Then the Lord God will wipe away the tears from all faces, and the disgrace of his people he will take away from all the earth,
for the Lord has spoken.
9 It will be said on that day,
Lo, this is our God; we have waited for him, so that he might save us.
This is the Lord for whom we have waited;
let us be glad and rejoice in his salvation.”
We have come with our bumps and bruises, with our scraped knees, with our false notions of piety, with our inability to make ourselves righteous, and behold our risen Lord. Death has been swallowed up forever. Today, we learn the answer to, “What is truth?” The truth is that death is only a pretender victor, that sin only tells the half-truth of what it is to be human. The truth is that we have waited, however impatiently, and that he has saved us. The truth is that our God has been revealed in Christ on the Cross, in our Crucified Savior and risen Lord. The truth is that Good Friday is only part of the story; the tragedy gives way to the alleluia.
Today, we join with Mary Magdalene, Mary mother of James, and Salome and say the first alleluia as though it were the first alleluia of creation. It is today that God’s resounding Yes to humanity’s No has come. Yes, you do have a savior. Yes, you do have a Lord. Yes, you do have a God. Yes, you do have a king. Just as it has been proclaimed, it has happened. When the promises of God seemed to be a lie, they have become more true than we could have ever imagined.

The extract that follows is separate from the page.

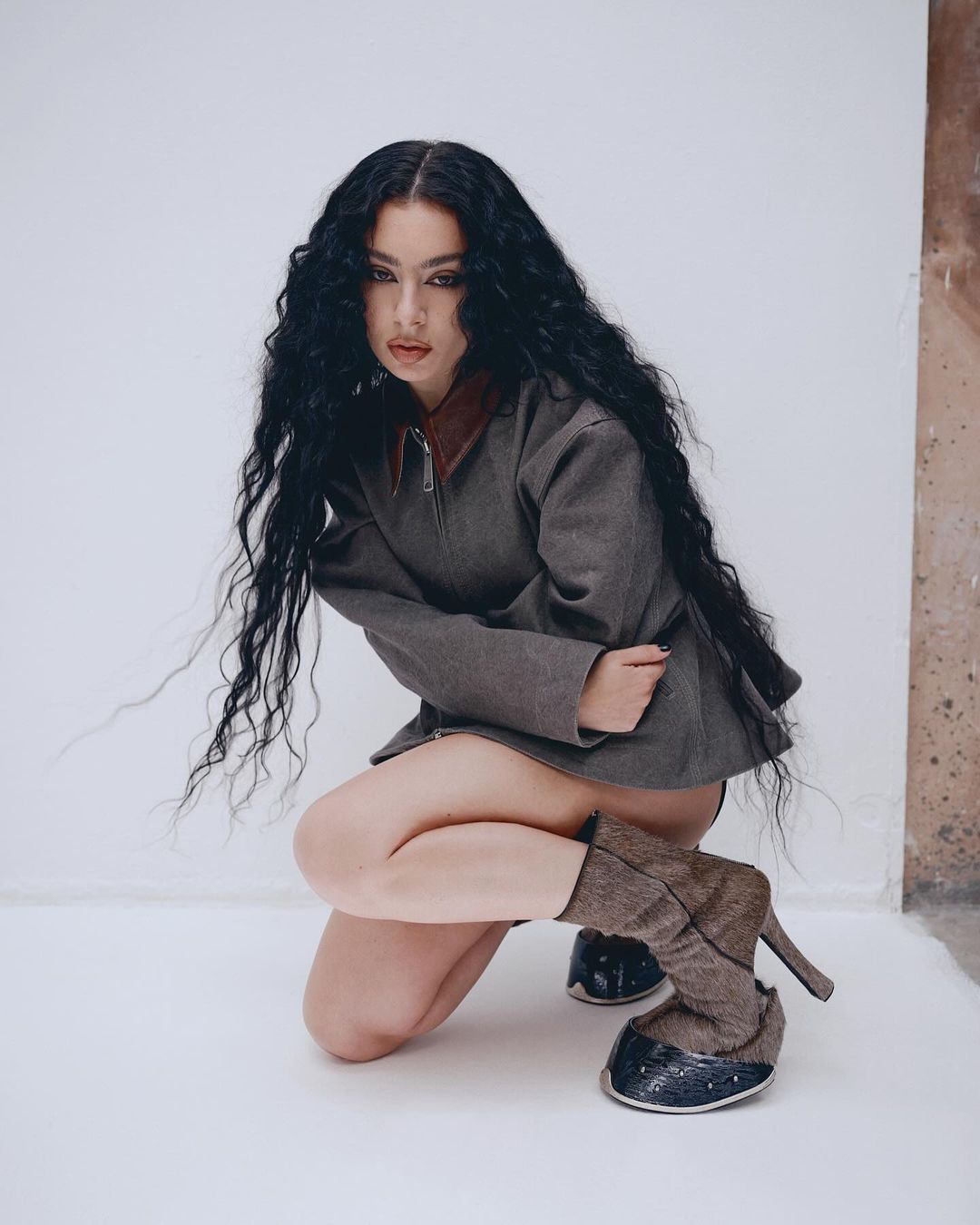 Woman with long dark wavy hair in a grey jacket and platform boots crouching indoors against a neutral wall in a fashion shot.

Heaven cannot hold him, nor can death bind him. Sin cannot threaten him, and evil cannot overpower him. This is God for you. And still, we, with Mary Magdalene, with Mary mother of James, and with Salome, still turn away in fear at the power of this God, more powerful than we had imagined, more great than we had hoped, more real than we have ever grasped. I think this is why I love the end of Mark’s Gospel. I love that it leaves everything hanging. There is a tangible reality to this response to the resurrection. It’s honest, it’s raw, and it’s emotional.
“And they said nothing to anyone, for they were afraid,” speaks to the continued miracle of God. It continues coming, as we marvel at the wonder that the message ever got out. That someone, 2,000 years ago, bothered to write this story down because they knew that it was the greatest Story ever told, that countless martyrs and saints have protected and guarded this word with their very lives that we might read it today, that though people have used this Word to their own ends, it does not detract from the truth of the story. This is the story after which all stories are written: it is a tragedy; it is a comedy; it is a drama. It is a story that, when read, insinuates itself into your life, like the first flowers of spring: once you have seen one, you cannot help but always keep looking for other signs of spring. The first buds on the first trees make us look to each tree for new life. The first resurrection from the dead makes us look for signs of the resurrection all around us. “And they said nothing to anyone, for they were afraid,” yet the story exploded out of them, the sentences running together, with uncontrollable laughter and tears clouding the story from understanding.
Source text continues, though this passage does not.